__What is expected__: Using the entries that follow, transcribe only the lines from the line with "Star Wars Holiday" to the line with "Unisex Coarse Knitted", both included, exactly as they stand and without pictures.
Segment Start: Input
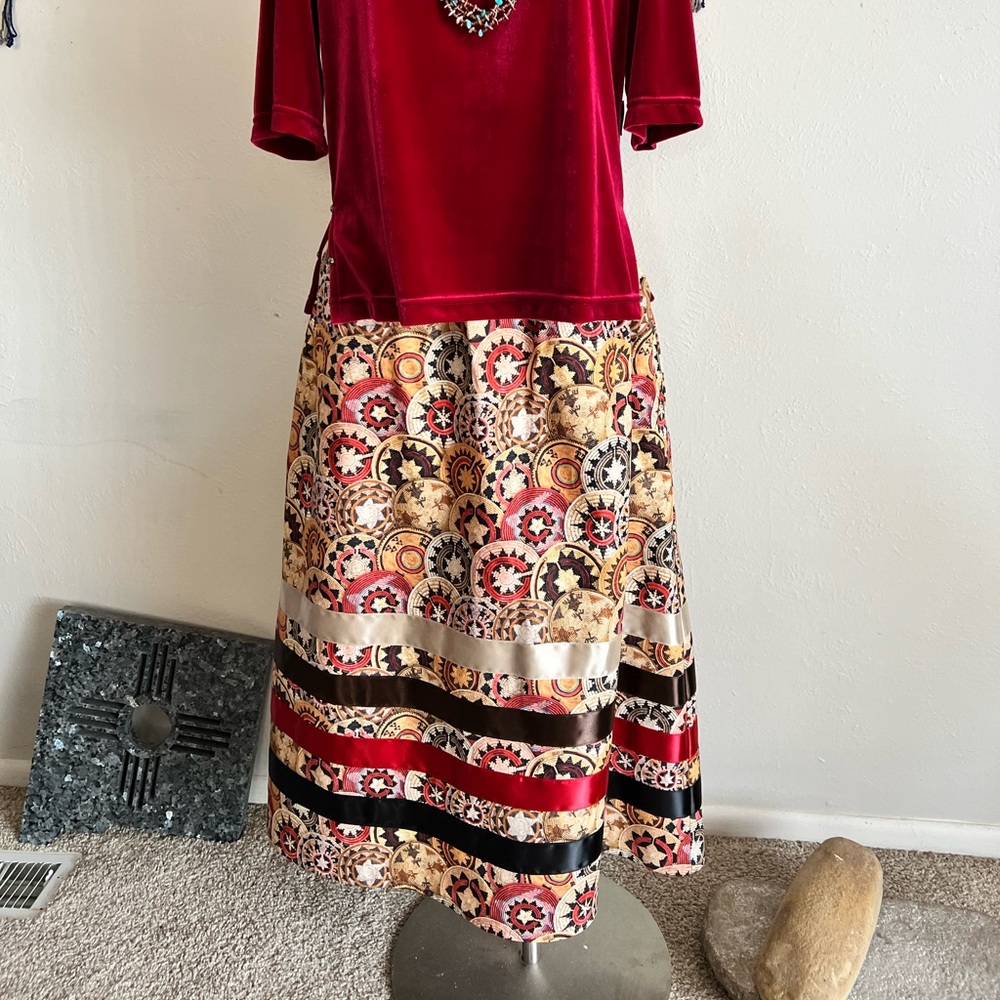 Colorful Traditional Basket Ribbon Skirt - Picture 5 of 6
Segment End: Input
Segment Start: Input
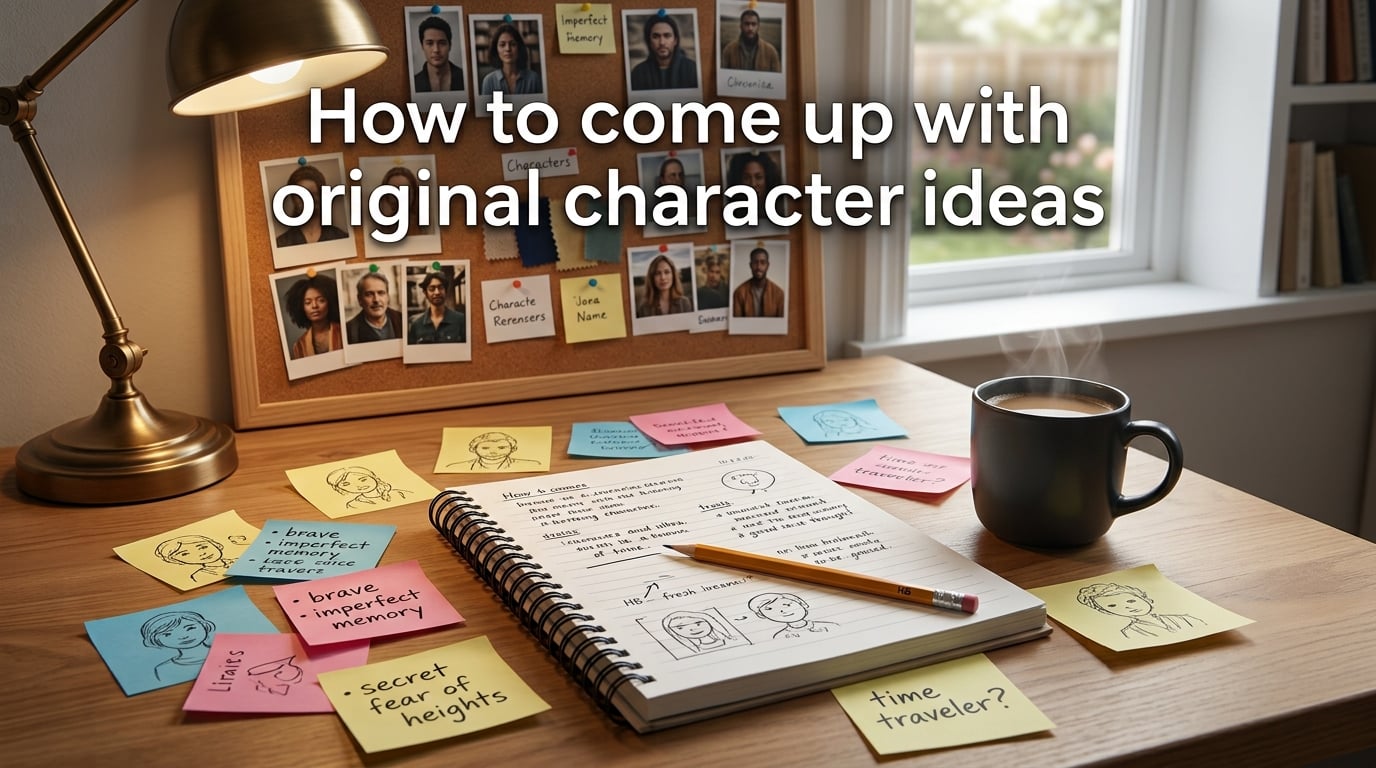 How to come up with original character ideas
Segment End: Input
Segment Start: Input
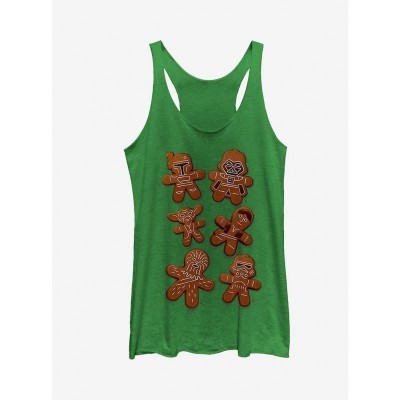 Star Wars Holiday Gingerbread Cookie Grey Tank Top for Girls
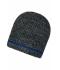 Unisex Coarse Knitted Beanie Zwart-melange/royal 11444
Segment End: Input
__Solution to this problem__:
 Star Wars Holiday Gingerbread Cookie Grey Tank Top for Girls
 Unisex Coarse Knitted Beanie Zwart-melange/royal 11444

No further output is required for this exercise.